Two people meet while jogging in the park where several paths join. They smile at each other and run side-by-side for a while because their speeds are pretty much the same. They each get greater enjoyment out of the experience than from running alone, and on a whim, agree to meet up and jog regularly without talking.

Or: Two people end up sitting at adjacent tables in a restaurant. Each of them finds this restaurant a cozy comfort spot, and the chef's skills always result in a unique dining experience. After noticing each other in the restaurant regularly, one of them approaches the other after a meal and says, "I'm not trying to pick you up or anything, but I just had to gush to someone about how fantastic the salmon was tonight." They agree to start dining together with discission limited to the food and ambiance of the restaurant.

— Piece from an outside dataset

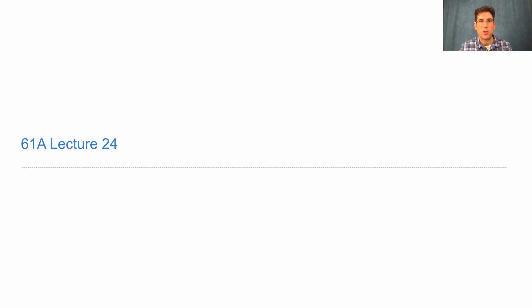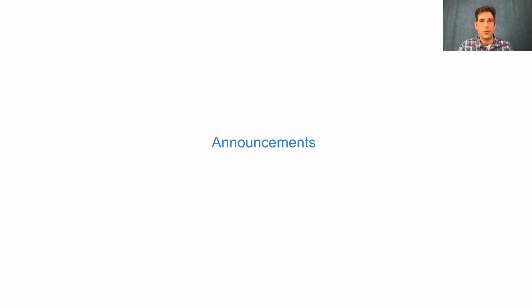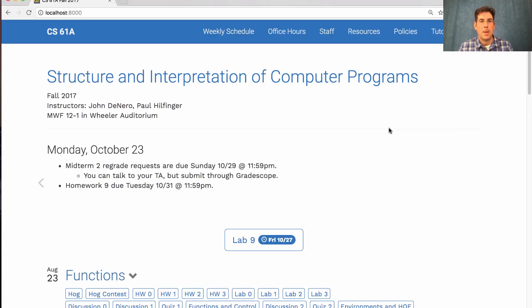61A Lecture Number 24 Announcements. Midterm 2 was last week. You should receive your score over email today.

Or: Two people are stranded on a desert island together. One is deaf and mute, and the other doesn't understand sign language or English, so their initial communications are obviously very restricted. But it's cold at night, and so they always sleep huddled together for warmth and comfort.

Nobody would expect those stories to be shallow or crass based on the descriptions, even though they're built around activities that, like sex, animals are just as capable of as humans. Written well, one of those stories might even win awards in the mainstream fiction world or get made into a blockbuster movie. But even if Contrast were written ten times as well as it is, it would never win a literary award and could never be made into an acclaimed Hollywood film. 50 Shades of Grey attained notoriety, but I don't know of anyone who respects it artistically, and it's a lot less sex-focused than Contrast.

Hopefully things will change someday.

Maybe I can push them along by writing more stories like Contrast. If not ... well, I do enjoy writing stories about people fucking. I guess I'll console myself with that.